[TASK DESCRIPTION]: Beginning with the line that holds "رئيس نادى القضاة" and ending with the last line of the entries below, copy every line exactly and nothing else, with the pictures left out.

[INPUT DATA]:
· · · · · · ·

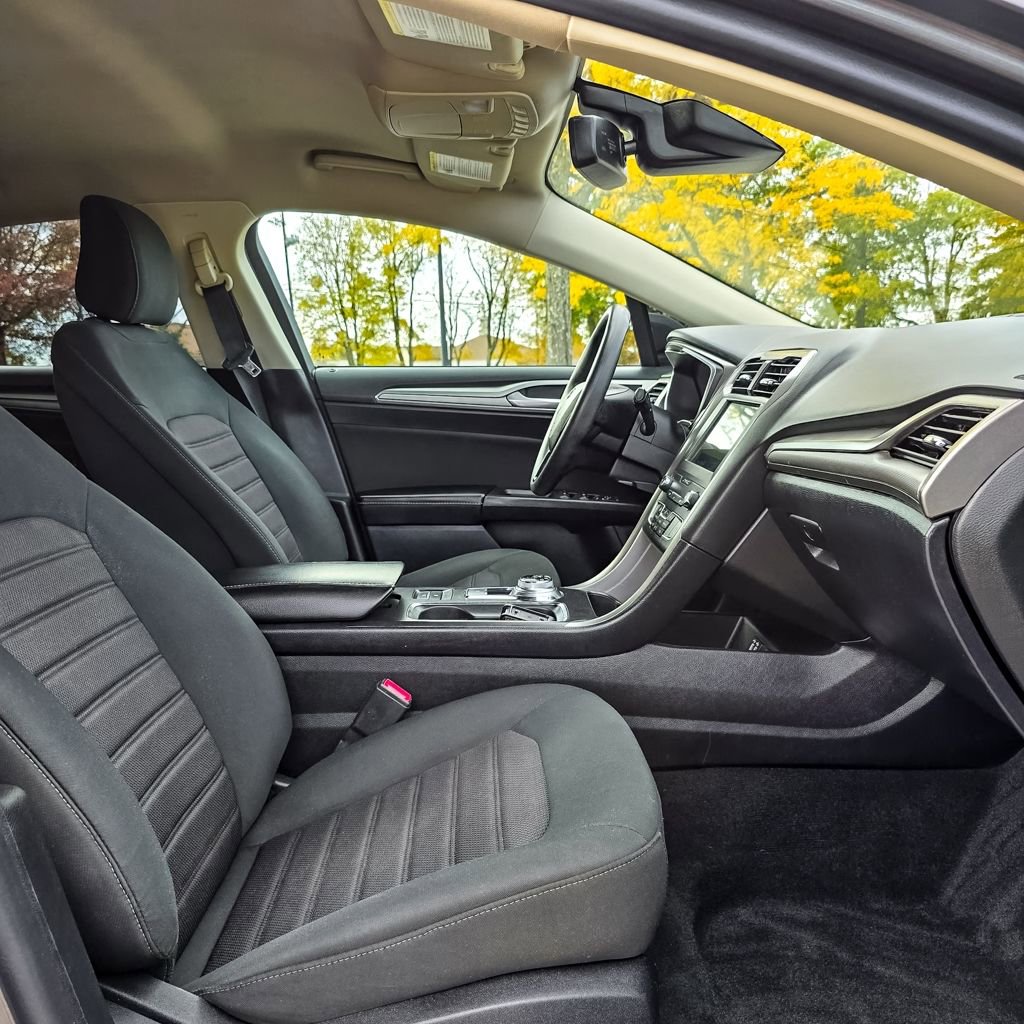 Used 2020 Ford Fusion SE FWD image 25
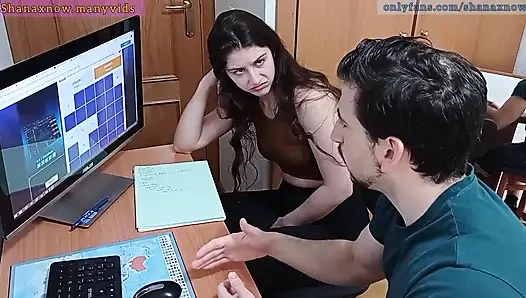 Murid nakal ini nyepong kontol sampai dicrot di mulut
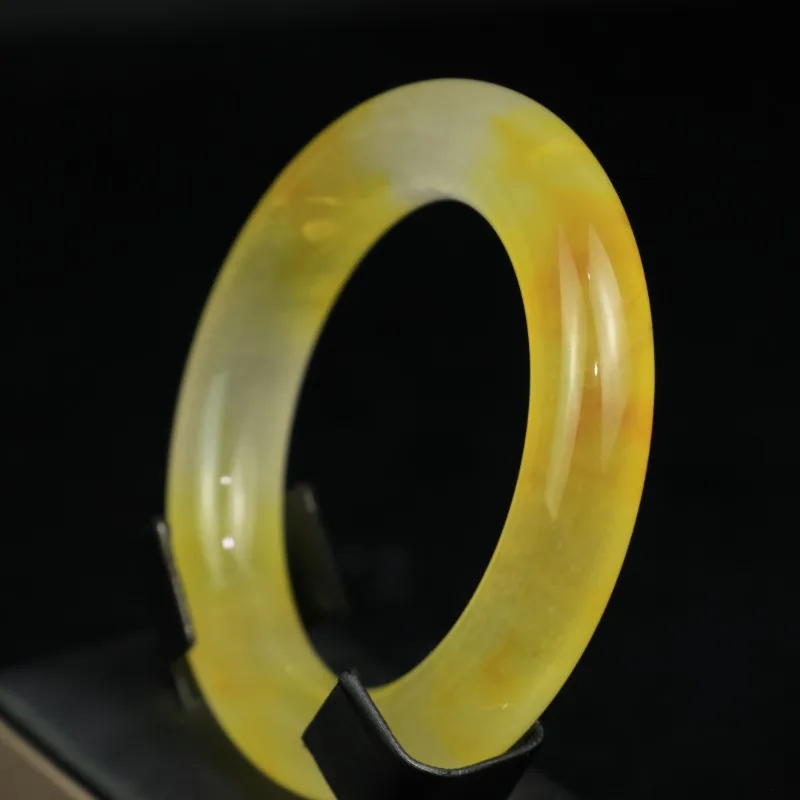 Exquisite Fashion High Ice Yellow Round Bar Bracelet
Exquisite Fashion High Ice Yellow Round Bar Bracelet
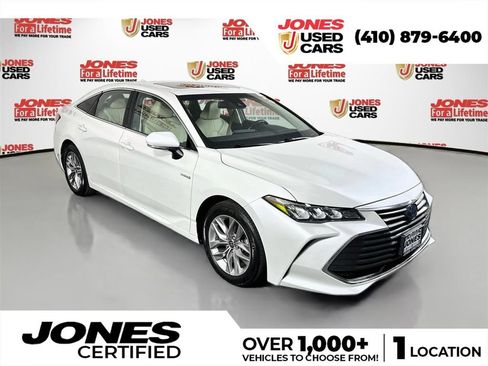 Used 2021 Toyota Avalon XLE w/ Moonroof Package FWD image 1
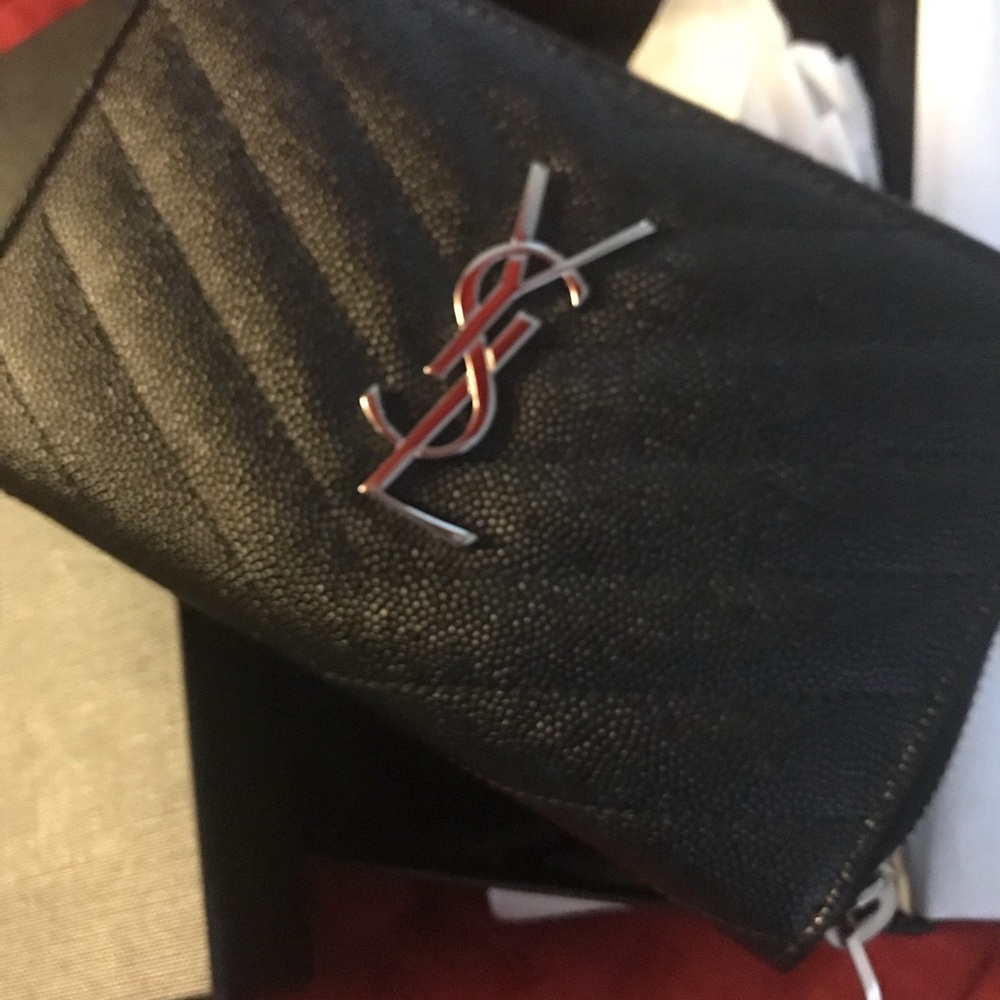 ysl logo monogram zip wallet🦋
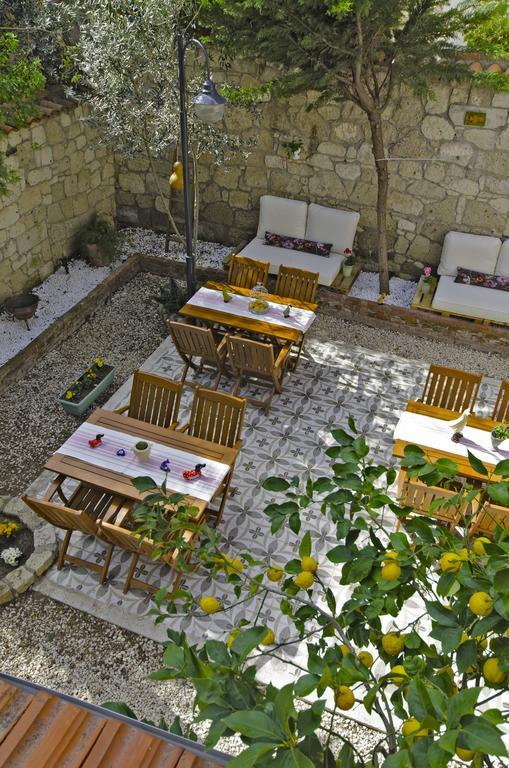 Lilyum Alacati - Tas Ev Экстерьер фото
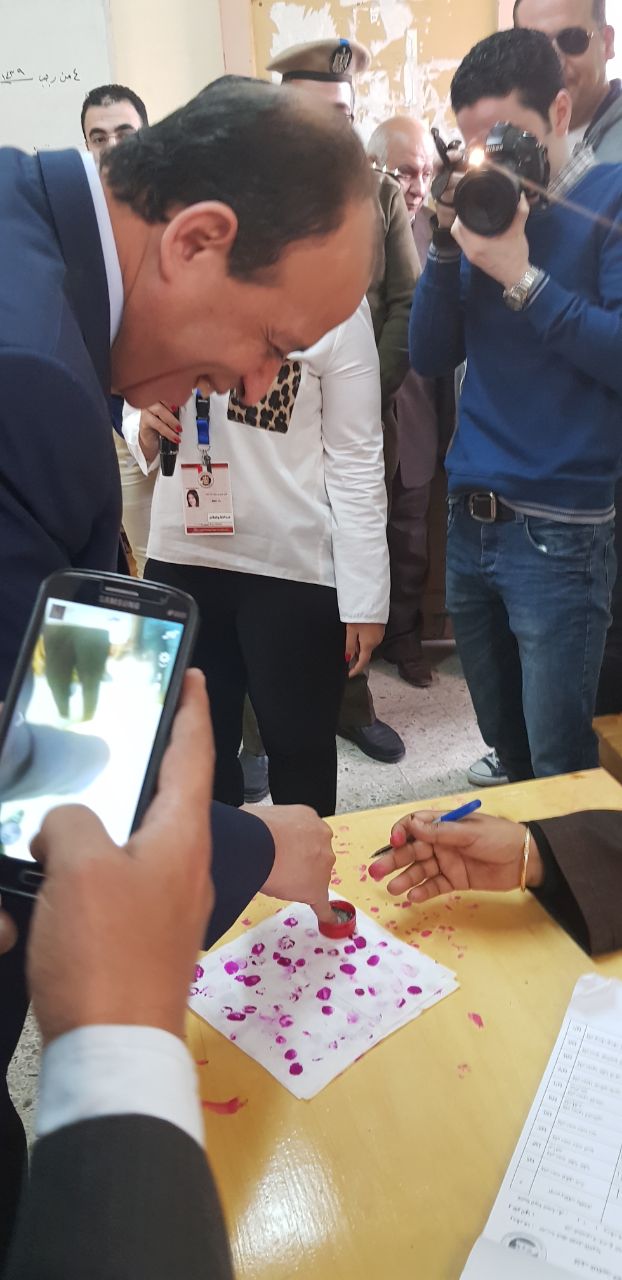 رئيس نادى القضاة يدلى بصوته فى الانتخابات الرئاسية (3)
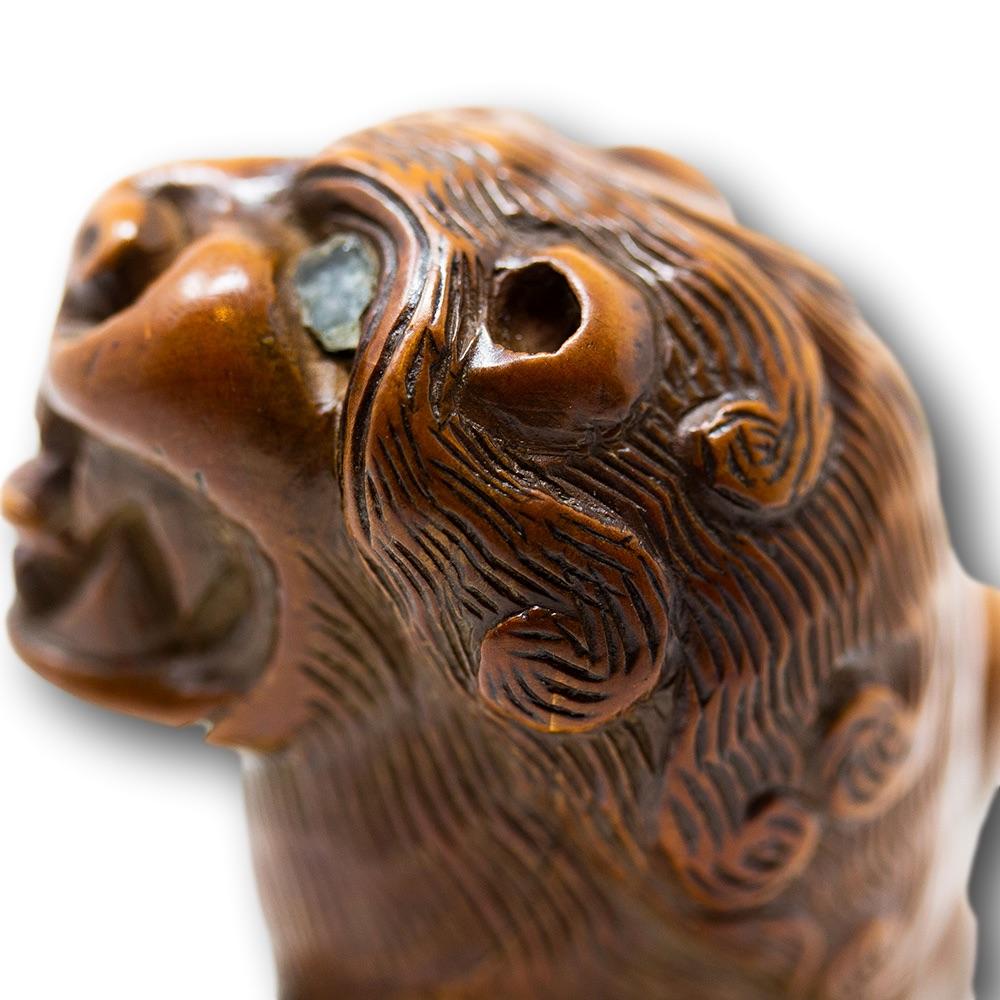 French 18th Century Fruitwood Lion Snuff Box  1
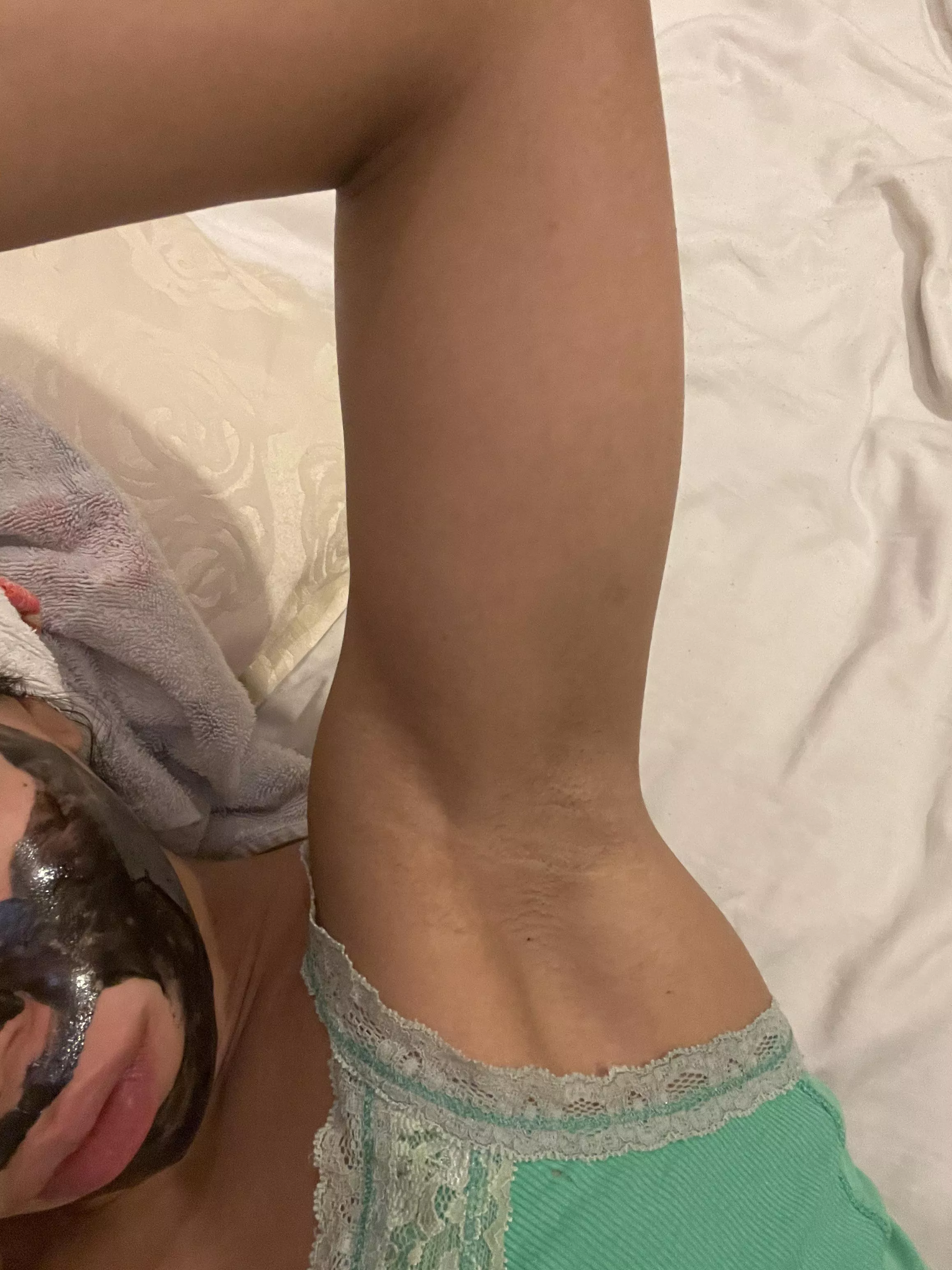 Will you be a part of my self care Saturday and lick my armpits posted by bbygirllxoxo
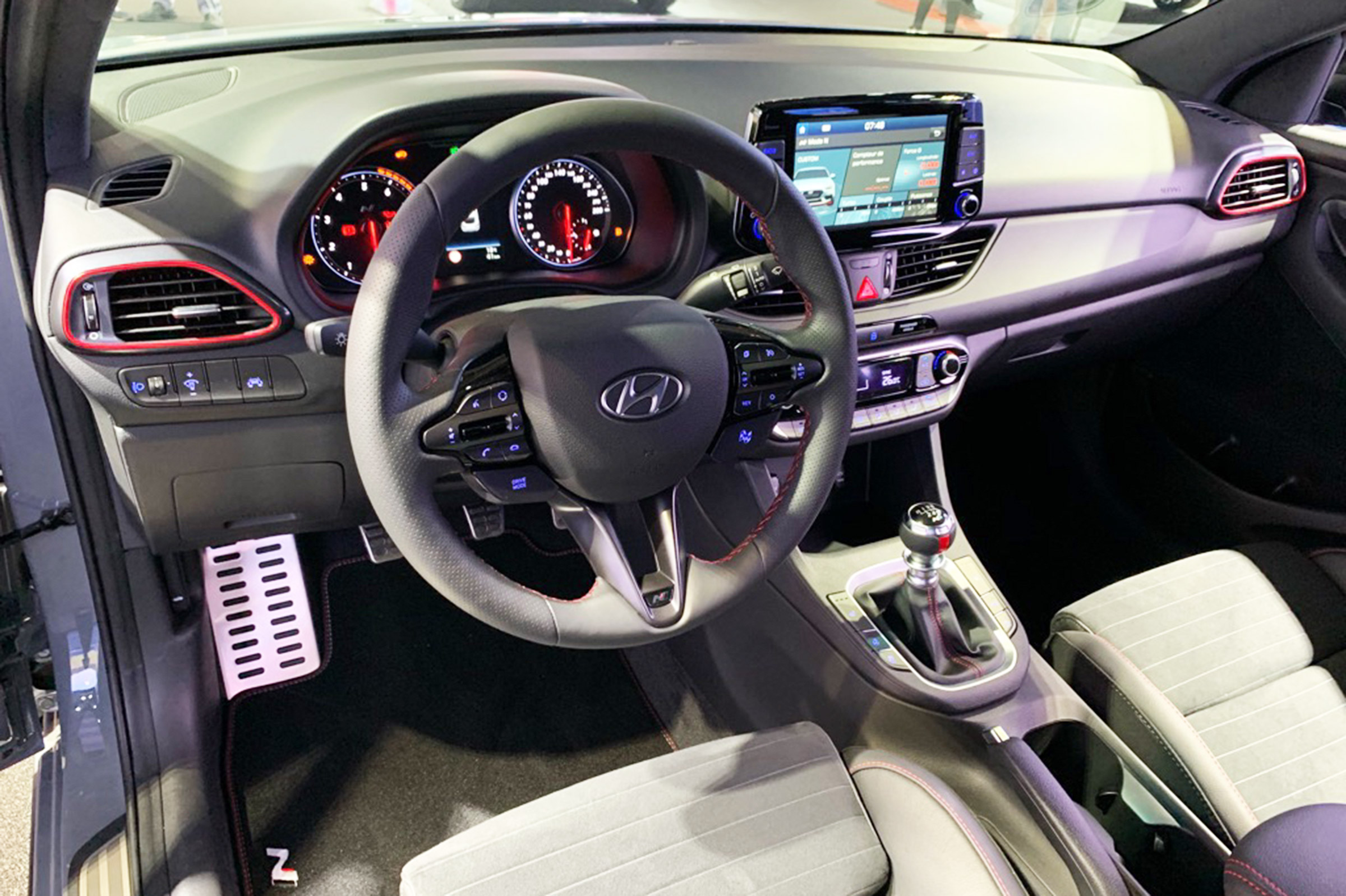 Hyundai i30 Fastback N - Paris dash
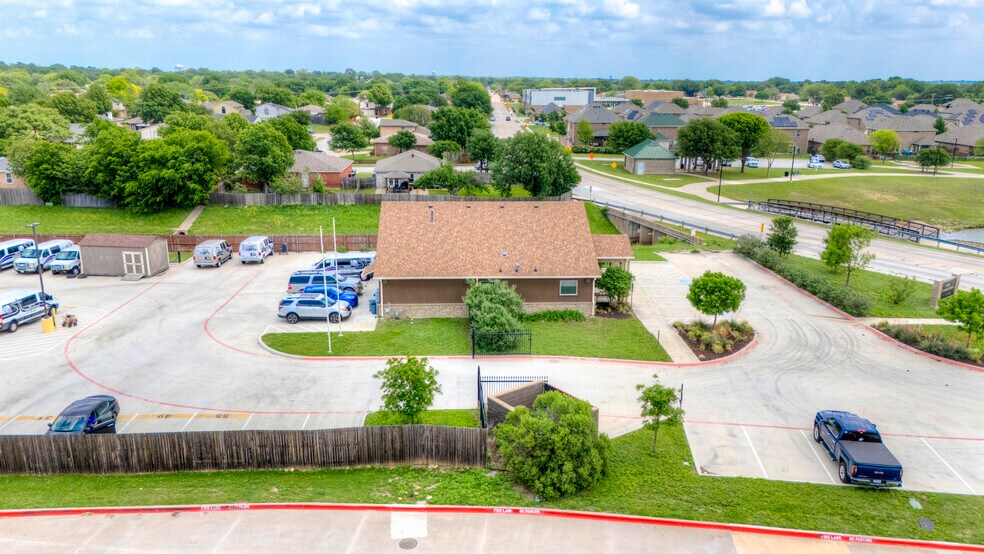 More Photos Of 5805 Starnes Rd, Watauga Office For Sale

· · · · · · ·

[OUTPUT]:
 رئيس نادى القضاة يدلى بصوته فى الانتخابات الرئاسية (3)
 French 18th Century Fruitwood Lion Snuff Box  1
 Will you be a part of my self care Saturday and lick my armpits posted by bbygirllxoxo
 Hyundai i30 Fastback N - Paris dash
 More Photos Of 5805 Starnes Rd, Watauga Office For Sale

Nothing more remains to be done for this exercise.